Conservatives pay attention to the principle of variety. They feel affection for the proliferating intricacy of long-established social institutions and modes of life, as distinguished from the narrowing uniformity and deadening egalitarianism of radical systems. For the preservation of a healthy diversity in any civilization, there must survive orders and classes, differences in material condition, and many sorts of inequality. The only true forms of equality are equality at the Last Judgment and equality before a just court of law; all other attempts at levelling must lead, at best, to social stagnation. Society requires honest and able leadership; and if natural and institutional differences are destroyed, presently some tyrant or host of squalid oligarchs will create new forms of inequality.

Kirk argued that good government meant “recognition of local liberties and interests and diversities and their safeguarding in the state.”

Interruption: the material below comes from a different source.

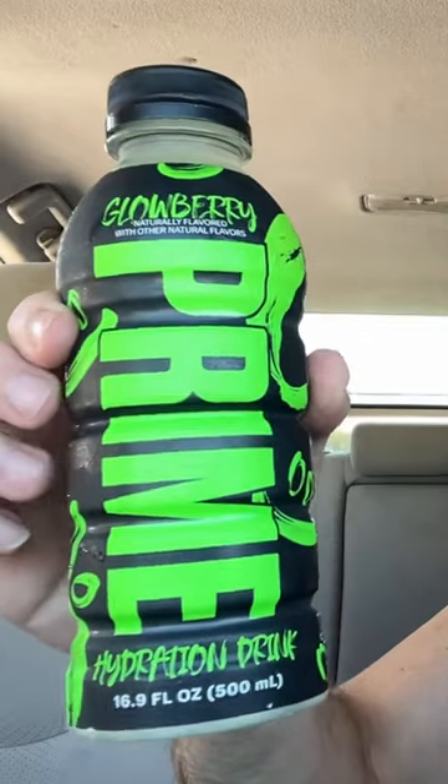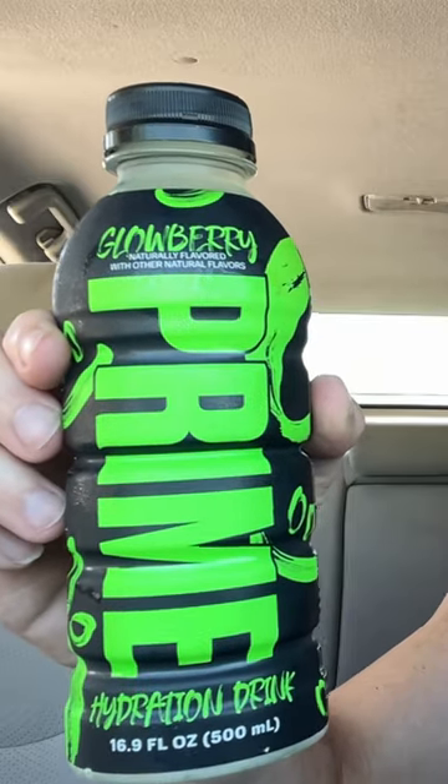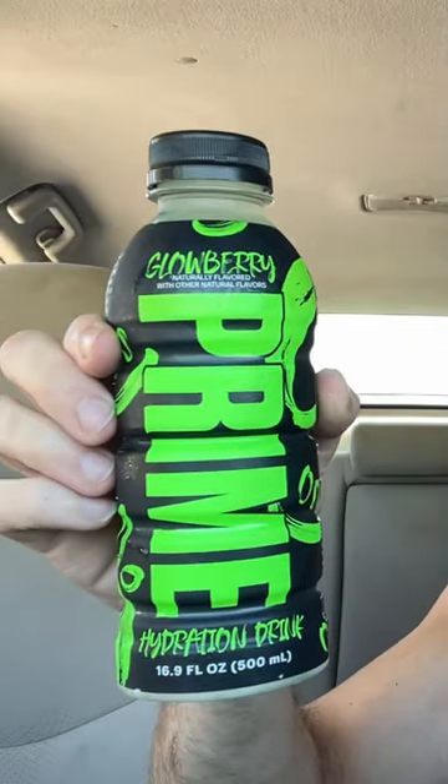I have the new Prime Hydration Glow Berry action hydration drink from Prime. Glow Berry! Stick my tongue in it first — get the hole, just stick your tongue in it, go like this, and you do a little then you go in for more.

Conservatives sometimes are ridiculed for treating the Constitution, the Declaration of Independence, and the words of the Founding Fathers as though they were delivered on stone tablets by Moses himself. (My own belief is that the conservative attitude regarding the Constitution and the Founders is a very healthy prejudice to have, even if its expressions can be sometimes a little silly, e.g., waving all those pocket Constitutions in people’s faces as though that were an argument.) Perhaps we conservatives are inclined to cleave to our Constitution simply because it is ours, but we should also appreciate that the order it creates makes for reasonably good governance and the chance of happy living. Conservatives should rejoice — loudly — in the facts that ours is a large, complex, messy republic, full of diversity of a much more meaningful sort than that contemplated by the self-flagellating partisans of intersectionality. We will argue our case, but we also are satisfied, if not quite content, to let California be California — and we would be much more content if our progressive friends were satisfied to let Texas be Texas.

What we sometimes describe as federalism is not a mere mechanism of political compromise, a way of allowing Republican candidates for federal office to dodge contentious issues by insistent that they be “left to the states,” though there is much to be said for leaving those to the states. It is, or should be, part of a broader conservative politics that insists that the states matter and that the communities within them matter — that Americans matter in the particular, not only in the aggregate. What is good and worth defending about Wyoming and North Dakota is good and worth defending irrespective of what 50 percent plus 1 of the American people at large think about it. (And who’s asking them, anyway?) The politics and the social dynamic are right there in front of our eyes: The progressive model of homogenizing and regimenting politics is very much of a piece with the hysterical demands for obedience on social media, the speech policing on the campuses, the excesses of the feminists and the other grievance professionals, the stultifying conformity that dominates the corporate cultures of Google, Facebook, Apple, and others. It is an attempt at the standardization of places and communities — and the standardization of souls. Their instrument is the politics of “My Gang Is Bigger Than Your Gang,” what stands between us and them is a frail little fence made of parchment and memory.